Moore’s Law, the engine that has driven the electronics industry for the past 50 years, is running on fumes. But DARPA, the US Defense Advanced Project Agency, is looking to refill the gas tank with new research initiatives, backed by a $216 million investment.

That investment is being funded under something called the Electronics Resurgence Initiative (ERI), a program being run out of the agency’s Microsystems Technology Office (MTO). Although the MTO has its hands in a number of research programs looking to advance electronics technology, the ERI is specifically aimed at workarounds for Moore’s Law. Currently there is $141 million dedicated to the ERI work in FY18, and last week DARPA allocated an additional $75 million.

The DoD has every right to be concerned about the dwindling prospects for Moore’s Law. Not only is it getting more technically difficult to reduce the size of transistors with conventional semiconductor technology, but the cost of doing so is escalating rapidly. Today’s newest fabs cost several billion dollars to build and that number will rise as transistor geometries get smaller. That means you need increasing chip volume to make construction of such facilities economically feasible. And this has made it even more problematic for the small-volume, high-performance chips that the defense sector relies on for everything from supercomputers to jet aircraft defense systems. “The current trajectory is straining commercial and defense developments,” said MTO director Bill Chappell.

ERI is aimed at three main areas: materials and integration, circuit design, and system architecture, spread out over six new programs. For the purpose of this article, we’re going to focus on the first one, material and integration, since this is the one aimed most closely on building a new foundation for electronics scaling that could pick up where Moore’s Law left off.

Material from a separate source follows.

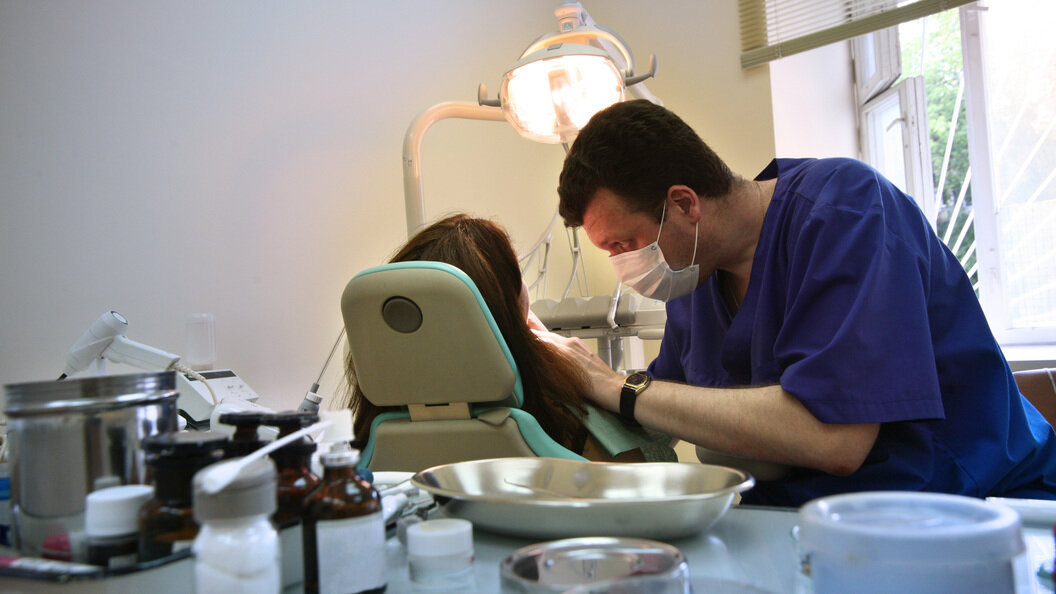 Лечение с б н. Стоматолог. Стоматолог лечит зубы.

There are two new programs in this area, the Three Dimensional Monolithic System-on-a-Chip (3DSoC) program, and the Foundations Required for Novel Compute (FRANC) program.

Taking them in order, the 3DSoC, as you may have surmised from the name, is focused on developing 3D chips, thus adding a third dimension to scalability. The program’s mission is summarized thusly:

The goal of the 3DSoC program is to develop the 3D technology required to build logic, memory and I/O on a single die while improving the performance by >50X when compared with 2D 7nm technology. 3DSoC seeks to leverage current industrial and university research in monolithic 3D processes and propel research in the areas of 3DSoC design tools and novel architectures that can be utilized to build highly efficient computation systems.

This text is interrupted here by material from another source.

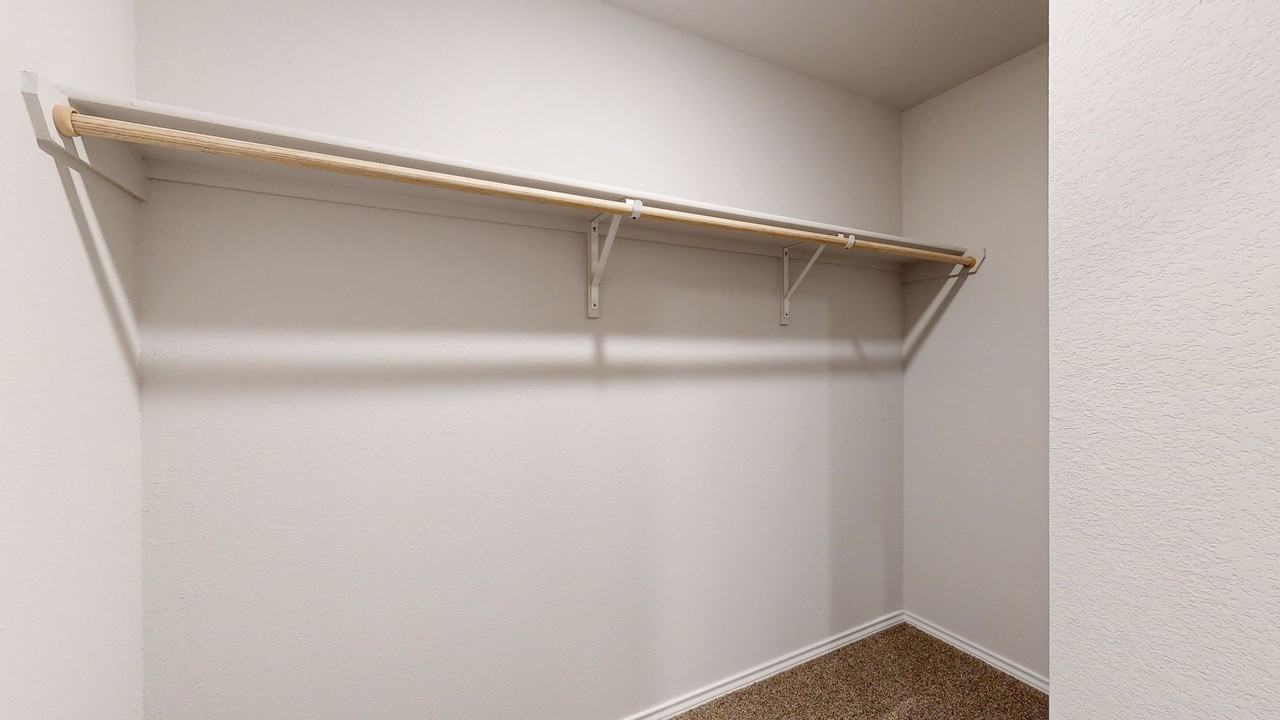 824 Chambray Dr - Photo 5 of 28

The main advantage of 3D chips is that they can significantly reduce data access bottlenecks between the logic, memory, and I/O. As is pointed out in the 3DSoC solicitation, for typical deep learning applications, 80 to 90 percent of execution time is spent accessing memory, while only 10 to 20 percent is spent computing. And that’s for a state-of-the-art deep learning accelerator that has been optimized for bandwidth-intensive applications. According to DARPA, the numbers would be even more skewed for a general-purpose processor.

Placing memory and logic chips in the same stack means that you can achieve bandwidths as high as 40 terabytes per second, which is about 100 times faster than what can currently be achieved with the best 2D chips and memory systems. In fact, a 50-fold performance improvement can be demonstrated with simulations of deep learning application when comparing 90nm 3D chips with 7nm 2D chips. That performance improvement jumps an additional 10-fold or so when you use 7nm 3D chips. The added bandwidth, courtesy of the 3D design, offers a huge advantage on these data-intensive codes.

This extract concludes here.